Statistical Inference for Geometric and Topological Data and Application to Machine Learning
Topic | Topological Data Analysis |
---|---|
Format | Hybird |
Location | DSDSNUSS16 07-107 |
Speaker | Jisu Kim (Seoul National U) |
Time (GMT+8) |
Geometric and topological structures play important roles in statistics and machine learning. Geometric structures help reduce the dimensionality of high-dimensional data, helping to mitigate the curse of dimensionality. Topological structures carry scientific meaning about the data and can be used as features in learning tasks, in particular useful in machine learning. The methods that extract such topological features from data are collectively referred to as Topological Data Analysis (TDA). A major technique in TDA is persistent homology, which observes data at various resolutions and extracts salient topological features across scales.

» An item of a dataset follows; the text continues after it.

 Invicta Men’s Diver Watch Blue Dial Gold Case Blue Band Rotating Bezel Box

The first part of this talk focuses on statistical inference for geometric data. First, we examine the minimax risk in estimating the dimension of a manifold. Next, we discuss reach, a parameter that describes how smooth a manifold is and how far it is from self-intersection. We explore the minimax risk in estimating the reach under the manifold assumption.
The second part of the talk addresses statistical inference on TDA. We begin by introducing persistent homology, and discuss how randomness in data can affect the resulting topological features. We present methods to quantify this uncertainty using confidence sets, as well as how to select significant topological features.

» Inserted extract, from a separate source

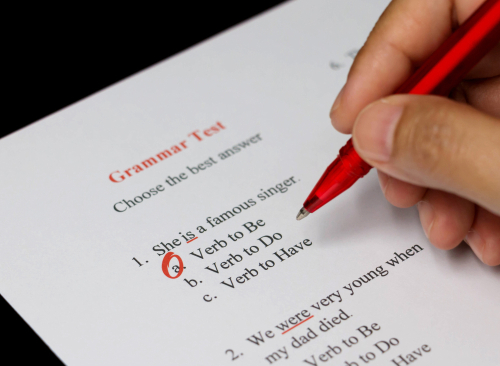 English grammar test sheet on black table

The third part of the talk explores how TDA is applied to machine learning. I highlight two primary approaches: (1) featurization, where persistent homology is transformed into Euclidean vectors or functional representations suitable for machine learning pipelines; and (2) evaluation, where TDA is used to assess qualities of data or model. Through case studies, we demonstrate how these methods enhance machine learning methods.